And the aerodynamics on the right side were normal, the aerodynamics on the left were not. There was excess drag from the left wing. Initially there was too little lift from the left wing, something was spoiling the lift. Later, as the wing presumably changed shape as structure inside was melted away, kind of surprisingly, the lift from the left wing actually increased. So all of this paints a pretty clear picture that something was going on on the left side of the vehicle. One of the things the Columbia board had to deal with was vast disagreement among engineers about what had happened. There was a large contingent that believed that no foam strike could possibly damage the RCC. And that people looking at that, despite what the MADS data suggested, people looking at that were just plain wrong. And that the real problem is either the foam had struck the left main landing gear door, and provided a gas entry path there, or something else completely unrelated to either of these problems had happened, and people were completely fooling themselves by examining the foam. Something else had gone wrong. And so one of the really important things that happened, and part of the justification was that object that was seen departing from the left side of the orbiter on flight day two. After the board had tested a lot of materials, one of the possibilities for what that object was was a piece of RCC maybe this big. And so let’s run an actual test and we will either learn that this dog can hunt, or we will learn that we’ve been looking in the wrong place. – [Announcer] Three, two, one, zero. (loud noise)
– Whoa.
– Whoa.
– You heard a lot of sounds of surprise, and those were real. There were a lot of people who thought that this test was going to fail. The next view after this one is going to be from inside the wing and look at a couple of those pieces. And think about that flight day two object that was seen in radar. So let’s tie all of this together and we’ll start with the board’s conclusion. A piece of foam from the external tank likely penetrated RCC panel eight or nine, that’s shown in this little red circle here, allowing hot entry gas to enter Columbia’s wing structure during reentry. The left wing lost structural integrity. The wing spar right behind the RCC panel burned through. The orbiter comes in at about a 40 degree pitch, and so, hot gas would have been coming in angled about like this. Well eventually, after the wing breached, there was probably an outflow through the top of the wing. What is that pointed at? It’s pointed at the OMS pod right behind the wing. Why was there no information from the OMS pod? Because the OMS pod had been melted away. Its thermal protection was not sufficient, was not designed to see full reentry heat.

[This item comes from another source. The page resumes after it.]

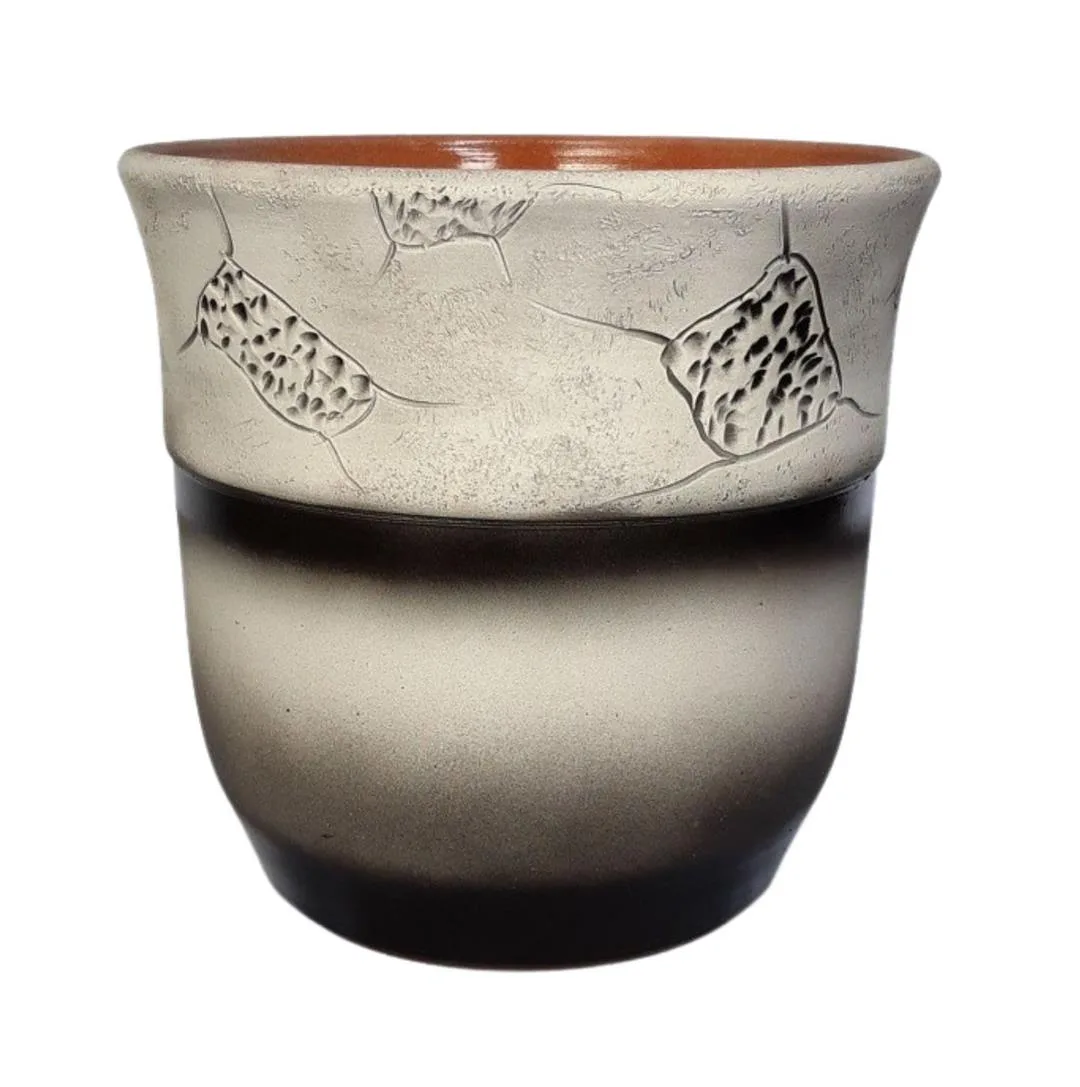Горшок для цветов Грот 6л монохром *3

The digital autopilot was reacting to excess lift and drag from the left side of the orbiter. RCS jets, that’s the small jets that hold attitude were trying to help the flight control surfaces maintain attitude, and eventually the combination of the two just wasn’t able to handle the forces trying to pull the orbiter’s nose to the left. And the wing down. And when that happened, the orbiter pitched up so that its belly was directly into its path, and there’s no aerodynamic structure that’s going to handle that for very long. Immediately after the pitch up the left wing just simply came off. And shortly after that the orbiter started breaking up into pieces, and after that happened of course, they started breaking up into smaller and smaller pieces. So if you’ve ever been in an industrial safety course, I’ve been in a couple, the instructor always talks about two core beliefs. All accidents area avoidable, and a near miss is an accident that didn’t happen. You put these two together and it builds a useful mental model of how to avoid accidents. Because any accident is actually a sequence of multiple things that have to happen in order. And if you can break an error chain at any point in that sequence, you’ve kept the accident from happening. So do I believe that all accidents are avoidable? No I do not. Does that mean that I don’t accept this first core belief as an incredibly useful thing? I absolutely accept it. My job as a mission controller was break the error chain whenever I could see it. So what we have here on the right hand side is the underbelly of Atlantis after STS-27. So this would have been two missions after we lost Challenger.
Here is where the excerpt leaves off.